3  Reproduce results from Julie Lê Hoang (2017) in Arabidopsis thaliana

Author

Samuel Ortion

Published

May 6, 2024

import os
os.chdir("..")
import pandas as pd
import matplotlib.pyplot as plt
import seaborn as sns
import numpy as np

The analysis relies on TAG data detected on the Arabidopsis thaliana proteome.

Parameter configuration: see ../exp/20240501_TAG_list_size_distributions/config/config.yaml

3.1 Number of TAG and number of genes for each TAG definition

tag_filename = "./tmp/TAIR10_Ensembl.Walktrap.TAGs.tsv" # FTAG-Finder generated, git-revision b192d0b9dd31c65c4c156646236acd263461a5db
tag_df = pd.read_csv(tag_filename, sep="\t", na_values=["-"])
tag_df.head()
geneName chromosome strand family tag0 tag1 tag5 tag10
0 AT1G01010 1 1 1 NaN NaN NaN NaN
1 AT1G01020 1 -1 4 NaN NaN NaN NaN
2 AT1G01030 1 -1 6 NaN NaN NaN NaN
3 AT1G01040 1 1 spacers0 NaN NaN NaN NaN
4 transcript:at1g01046 1 1 spacers1 NaN NaN NaN NaN
tag_definitions = [0, 1, 5, 10]
tag_columns = [f"tag{i}" for i in tag_definitions]

How many TAGs are there for each definition?

tag_column = "tag0"
unique_tag = pd.concat([tag_df["chromosome"], tag_df[tag_column]]).unique()
unique_tag.shape[0]
313

How many genes are implicated in a TAG for each definition?

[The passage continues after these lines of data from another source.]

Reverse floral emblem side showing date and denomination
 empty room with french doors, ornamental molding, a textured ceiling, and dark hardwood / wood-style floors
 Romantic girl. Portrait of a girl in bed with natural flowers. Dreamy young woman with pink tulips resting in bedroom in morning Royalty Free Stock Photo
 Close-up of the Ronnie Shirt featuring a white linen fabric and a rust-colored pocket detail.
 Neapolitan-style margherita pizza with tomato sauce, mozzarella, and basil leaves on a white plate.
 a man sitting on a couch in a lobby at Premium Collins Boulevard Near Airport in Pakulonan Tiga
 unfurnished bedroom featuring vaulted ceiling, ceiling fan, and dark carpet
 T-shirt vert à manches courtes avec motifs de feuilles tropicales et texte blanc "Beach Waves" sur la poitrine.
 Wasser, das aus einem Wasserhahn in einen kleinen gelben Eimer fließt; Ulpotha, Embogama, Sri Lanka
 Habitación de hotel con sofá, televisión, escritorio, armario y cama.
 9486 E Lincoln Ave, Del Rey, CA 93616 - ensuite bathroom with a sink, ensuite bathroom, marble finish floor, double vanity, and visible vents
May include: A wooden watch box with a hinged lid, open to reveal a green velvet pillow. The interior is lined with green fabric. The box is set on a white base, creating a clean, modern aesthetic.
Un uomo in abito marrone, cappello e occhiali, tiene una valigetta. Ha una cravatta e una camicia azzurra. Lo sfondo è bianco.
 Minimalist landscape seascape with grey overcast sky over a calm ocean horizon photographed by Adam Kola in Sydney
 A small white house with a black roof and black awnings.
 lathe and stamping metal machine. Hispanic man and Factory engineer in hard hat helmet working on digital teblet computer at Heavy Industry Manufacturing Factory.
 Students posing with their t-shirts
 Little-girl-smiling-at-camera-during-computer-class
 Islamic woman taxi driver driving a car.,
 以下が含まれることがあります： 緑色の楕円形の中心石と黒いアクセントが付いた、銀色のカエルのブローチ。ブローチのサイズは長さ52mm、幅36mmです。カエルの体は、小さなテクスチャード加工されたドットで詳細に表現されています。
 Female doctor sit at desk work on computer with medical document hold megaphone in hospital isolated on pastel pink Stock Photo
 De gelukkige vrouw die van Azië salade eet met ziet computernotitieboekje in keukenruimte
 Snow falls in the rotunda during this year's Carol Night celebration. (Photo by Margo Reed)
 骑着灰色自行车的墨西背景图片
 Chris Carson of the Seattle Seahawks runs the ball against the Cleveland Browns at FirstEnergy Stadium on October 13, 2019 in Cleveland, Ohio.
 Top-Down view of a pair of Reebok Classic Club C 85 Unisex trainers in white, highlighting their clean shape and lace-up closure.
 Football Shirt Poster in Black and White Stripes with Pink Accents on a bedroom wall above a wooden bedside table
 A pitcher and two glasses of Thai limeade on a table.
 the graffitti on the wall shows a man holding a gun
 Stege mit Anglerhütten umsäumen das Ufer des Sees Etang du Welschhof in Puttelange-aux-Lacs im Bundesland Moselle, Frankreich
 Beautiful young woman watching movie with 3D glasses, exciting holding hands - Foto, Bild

for tag_column in tag_columns:
    print(f"Number of genes implicated for {tag_column}: {tag_df[~tag_df[tag_column].isna()].shape[0]}")
Number of genes implicated for tag0: 2788
Number of genes implicated for tag1: 3321
Number of genes implicated for tag5: 3664
Number of genes implicated for tag10: 3799

There is discrepancies between the numbers presented by Julie Lê-Hoang and the results I obtained.